Но ограничиваться этим выходом в мировую культуру поэт не может — он должен знать, как и что пишут его современники-поэты.
Ни прозаик, ни поэт не учатся у критика. Критика — это самостоятельный литературный жанр, вполне правомерный, но в сущности своей паразитарный.
Писатель учится у другого писателя — и ему вовсе не нужны разъяснения критика, чтобы увидеть, ощутить те мелочи ремесла, подробности работы, которые открыл товарищ.
Канонизированный Хемингуэй — чтиво детективов применяется каждым литератором, чтобы разгрузить мозг, <как и Хемингуэем>.
Существует ли такое чтение, которое может стимулировать работоспособность, рабочее настроение? Вряд ли.
Солженицын сообщает, что таким чтением для него является «Словарь» Даля. В гипнотизирующее действие такого словаря поверить можно, словарь читается, как своеобразный наркотик, чтобы удержаться в мире слов, надышаться этим литературным воздухом. Но о наркотическом стимулирующем значении чтения «Словаря» Даля Солженицын не думает, он читает как прозаик, не ищет ни внутренней музыки, ни поэзии, а разыскивает у Даля слова-кирпичики, которые использует в своей работе.
Солженицын — не поэт. Запас своих художественных качеств — ритмичности, музыкальности — он целиком вложил в свою прозу. Она — своеобразные стихи с рифмами, аллитерациями, повторами. Об этом еще напишут когда-нибудь. Солженицын не просто подражатель и продолжатель Ремизова и Замятина, но и показывает многое свое. Его проза — особым образом поэтизированная проза, где технические элементы стиха — рифма, звуковой повтор, аллитерация заменены имеющими то же значение прозаическими фигурами.
Для Пастернака стимулирующим чтением было перечитывание классиков, каждого на родном языке. Это чтение было ежедневным и по его уверениям давало «зарядку».
Газет и журналов Пастернак не читал — или читал, что покажут ему его близкие. Боялся разрушительного влияния газетных страниц.
Иммунитета к политическим известиям, дающегося многолетним опытом, Пастернак не имел.
Мне кажется, каждый настоящий писатель — прозаик он или поэт — в каждом своем произведении, даже восьмистрочном стихотворении, ставит — одновременно с генеральной главной задачей передачи содержания, передачи чувства, своего душевного состояния — и чисто техническую задачу.
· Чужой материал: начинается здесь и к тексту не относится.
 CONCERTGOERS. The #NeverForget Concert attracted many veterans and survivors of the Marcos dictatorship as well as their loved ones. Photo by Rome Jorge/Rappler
Задача эта — на десятом плане, но все же присутствует при создании стихотворения. Державин написал ряд превосходных стихотворений, где нет буквы «р», например. Это, а также экспериментальные стихи Марины Цветаевой — мне кажется, наиболее подходящий пример.
Не нужно думать, что «Колымские рассказы», проза моя — так-таки одним материалом и держится. Материал я мог бы привести и в тысячу раз сенсационней. Нет, каждый рассказ есть подобие литературного опыта, эксперимент. Там есть рассказ, написанный по всем канонам сюжетной классики, есть обнаженные до предела, вроде последних коротких рассказов Пушкина, есть рассказы, написанные по плану — экономное изложение события и подробнейшим образом — новым, не показанным нигде и никем — описанная деталь, или две детали. Этот способ, мне казалось, наиболее эффектен. Убедительно верное, четкое описание детали заставляет читателя верить всему остальному, внимательно читать рассказ.
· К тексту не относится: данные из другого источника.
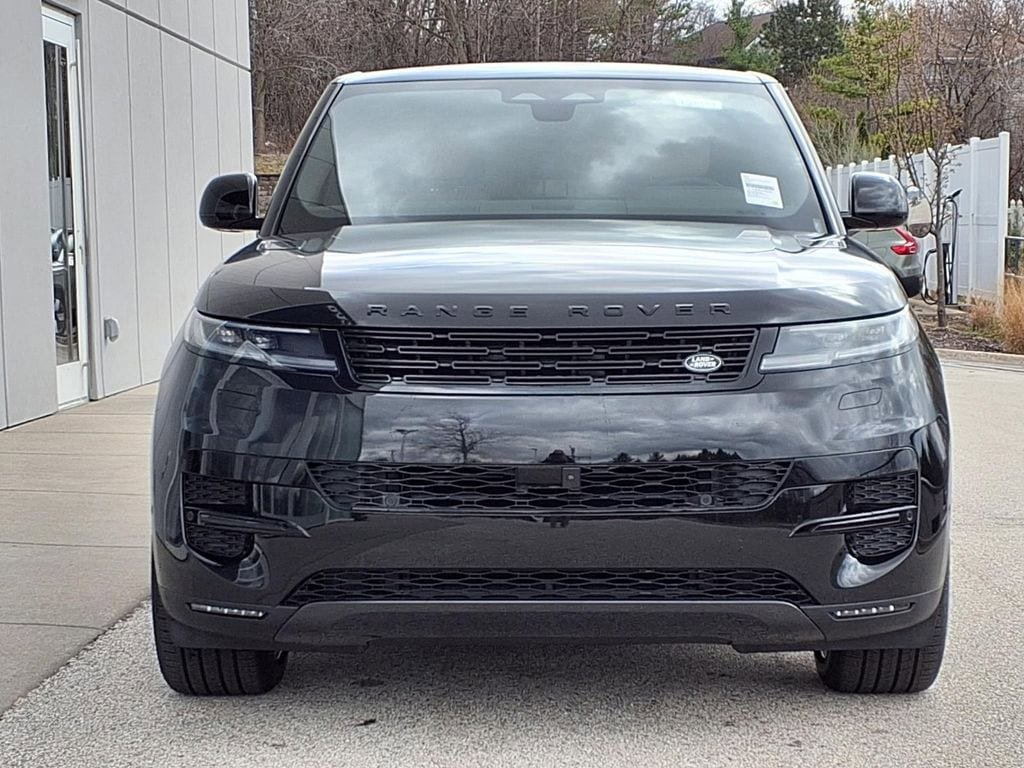 New 2026 Land Rover Range Rover Sport SE AWD/4WD image 2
Из рецензий, из писем, полученных мной, я убедился, что расчет мой — верен, а метод — удачен. Есть рассказы, где один мотор движет два сюжета.
Я ведь напечатал несколько рассказов в середине тридцатых годов в «Октябре», в «Вокруг света», в «Литературном современнике» — так что я не начинающий и не новичок. Я много думал когда-то над композицией рассказа, над выразительностью, над сутью дела. В те давние годы я, казалось, научился понимать, как сделан рассказ Мопассана «Мадемуазель Фифи», — для чего в этом рассказе дождь, крупный руанский дождь.
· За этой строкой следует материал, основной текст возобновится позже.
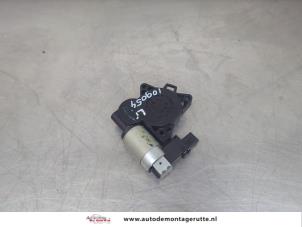 O195333 Gebruikte motor electrisch raam Mazda 3.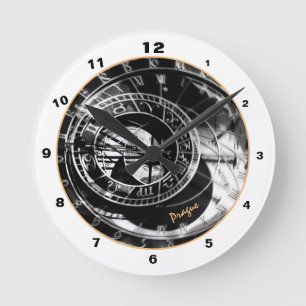 Ronde Orloj magique de Prague et horloge astronomique in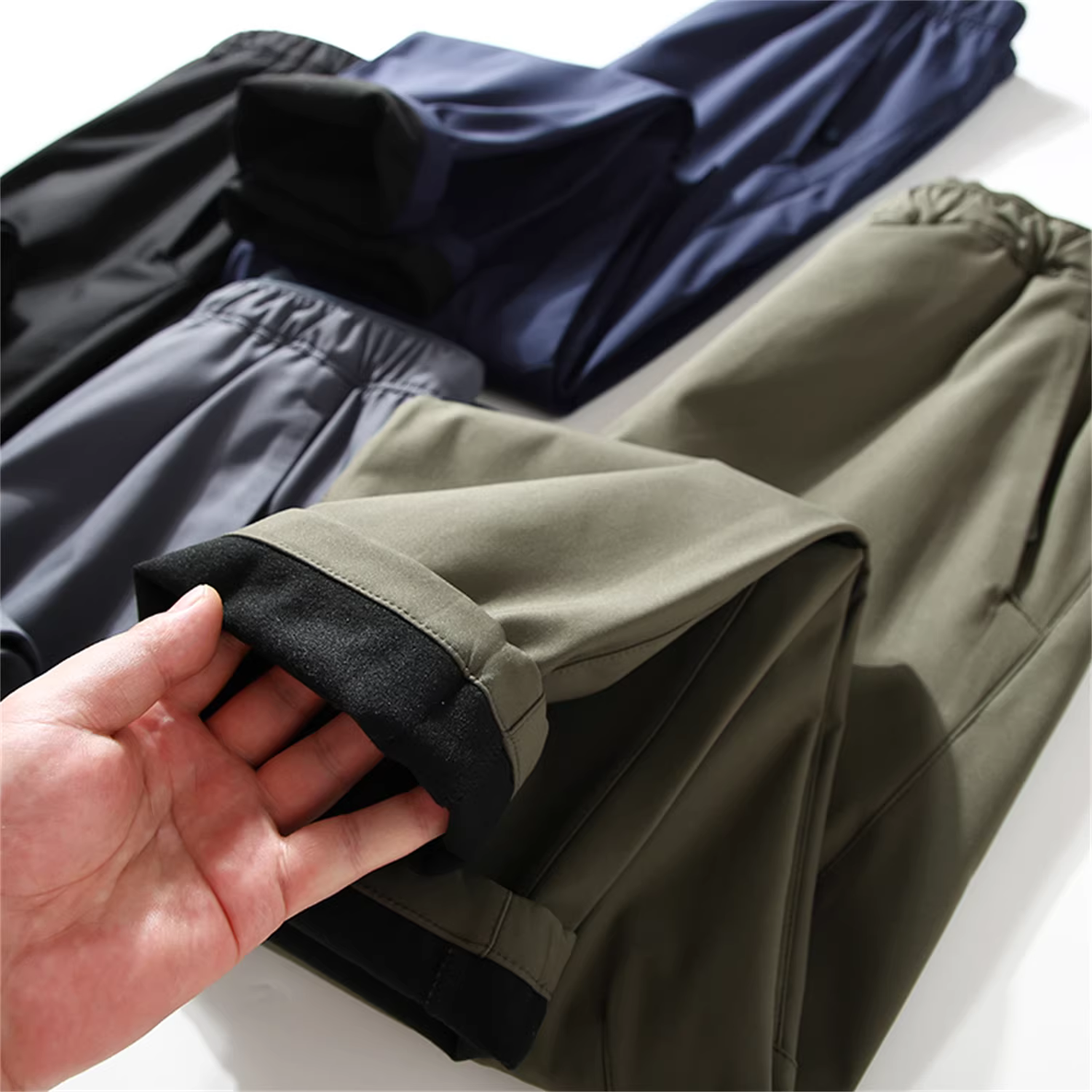 Quần thần kỳ của cửa hàng Don Quixote! Thân thiện với làn da và ấm áp! Quần ngoài trời nhẹ, lót lông cừu, may 3D dành cho nam, thích hợp cho mùa thu và mùa đông.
В рассказе не должно быть ничего лишнего.
Я когда-то увлекался прозой Ларисы Рейснер[91] — она и сама-то была красавицей, но потом увидал, что излишняя цветистость только тяжелит стиль, мельчит мысль. В прозе этой много краснобайства — порок для литератора очень большой. Проза Бабеля, которую так хвалили и считают экономной, мне тоже кажется цветистой, переводной с французского. Но я тоже пережил увлечение Бабелем.